Bereits am Mittwoch wollte er anreisen, zuerst mit Studierenden an der Technischen Hochschule diskutieren, mit seiner Frau Brigitte den Dom besuchen (was wegen der Iran-Krise mit den USA im letzten Moment verschoben wurde). Sein Herzensanliegen, das die deutschen Gastgeber nicht ungern organisierten: Die Würdigungsrede für den französischen Präsidenten wird die deutsche Bundeskanzlerin Angela Merkel halten, 2008 selbst Preisträgerin.

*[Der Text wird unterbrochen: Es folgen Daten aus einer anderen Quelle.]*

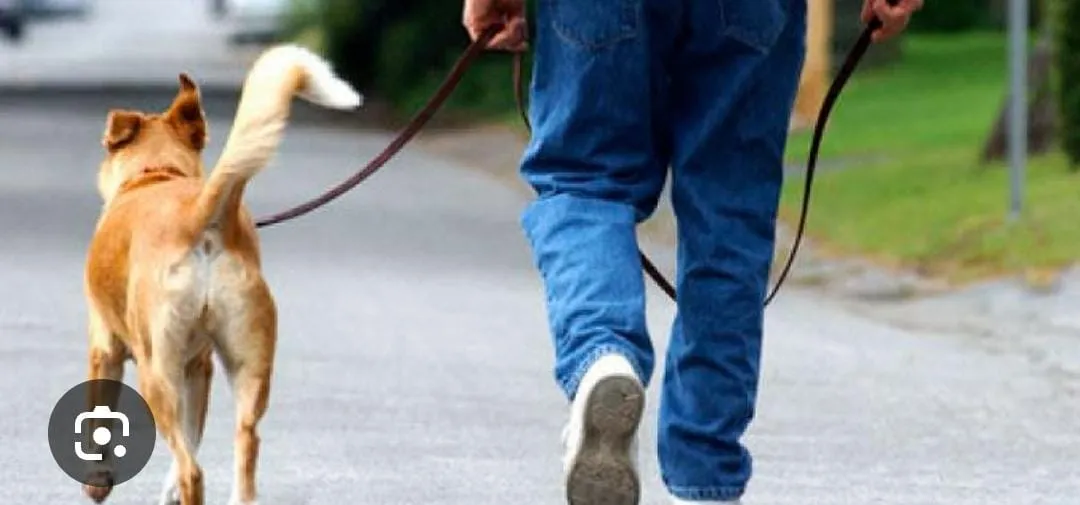 Deiezioni canine da pulire con lo spruzzino. Associazione ricorre al Tar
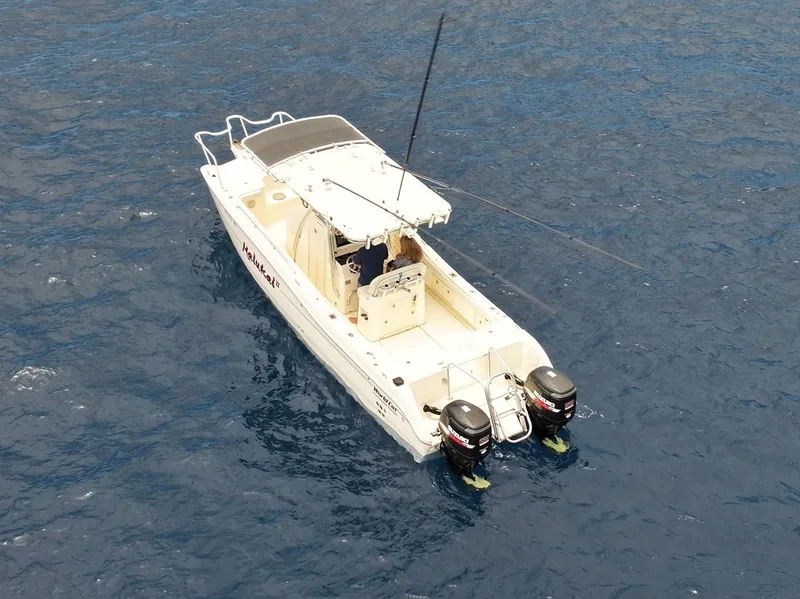 Slide: The Image of 2009 World Cat 270 TE boat on open water, aerial view. - 3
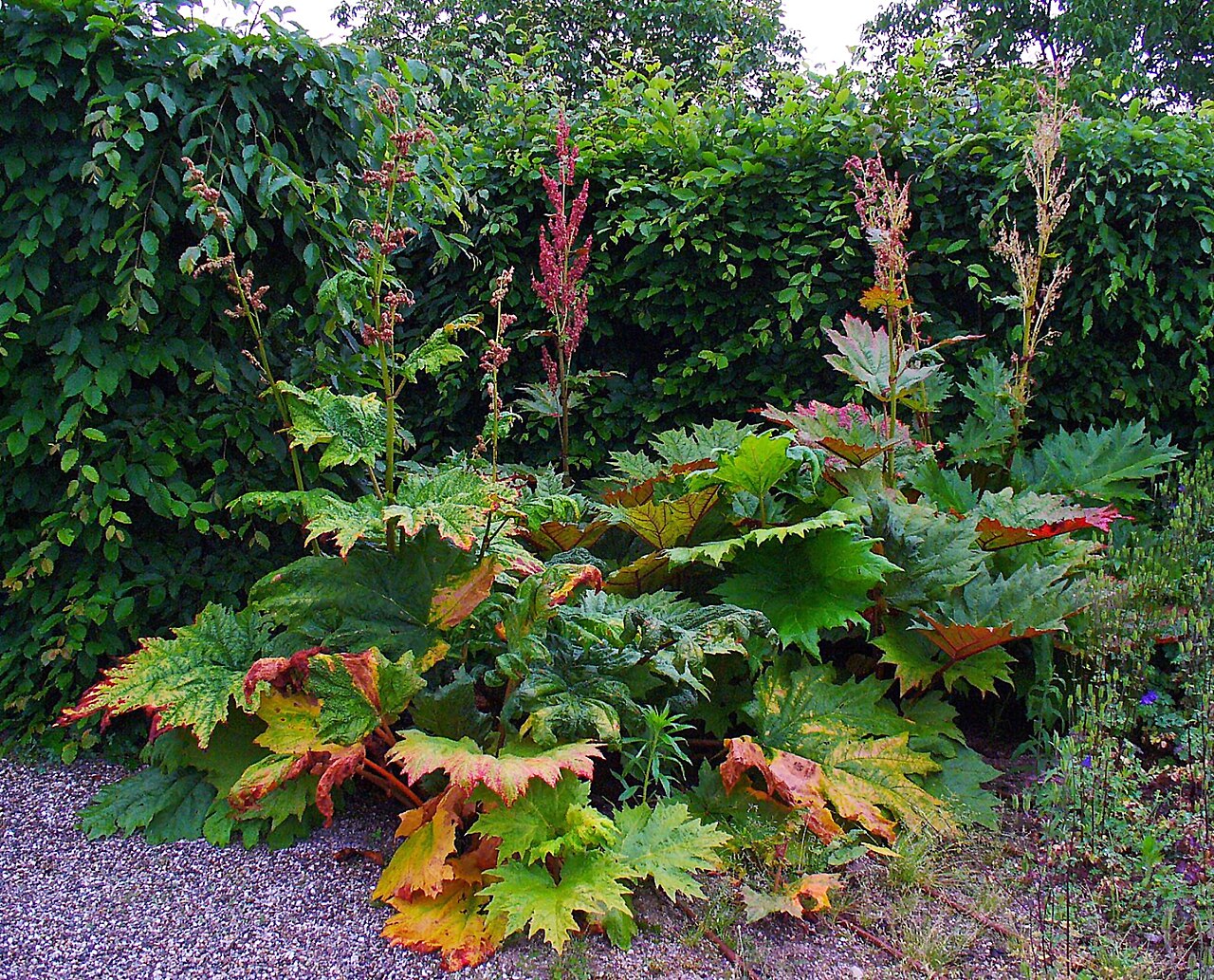 Chinese rhubarb: Rheum palmatum , Polygonaceae, Chinese Rhubarb, habitus. Karlsruhe, Germany.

Dieses "weltliche Hochamt" dürfte den eigentlichen Auftakt zu einer deutsch-französischen Initiative mit dem Ziel einer weiteren Vertiefung der EU setzen. Die niederländische Stadt Maastricht, wo vor fast 30 Jahren jener entscheidende EU-Vertrag abgeschlossen wurde, der zur gemeinsamen Währung Euro und zu offenen Grenzen führte, der die "politische Union" als Ziel vorsieht, liegt nur ein paar Kilometer entfernt.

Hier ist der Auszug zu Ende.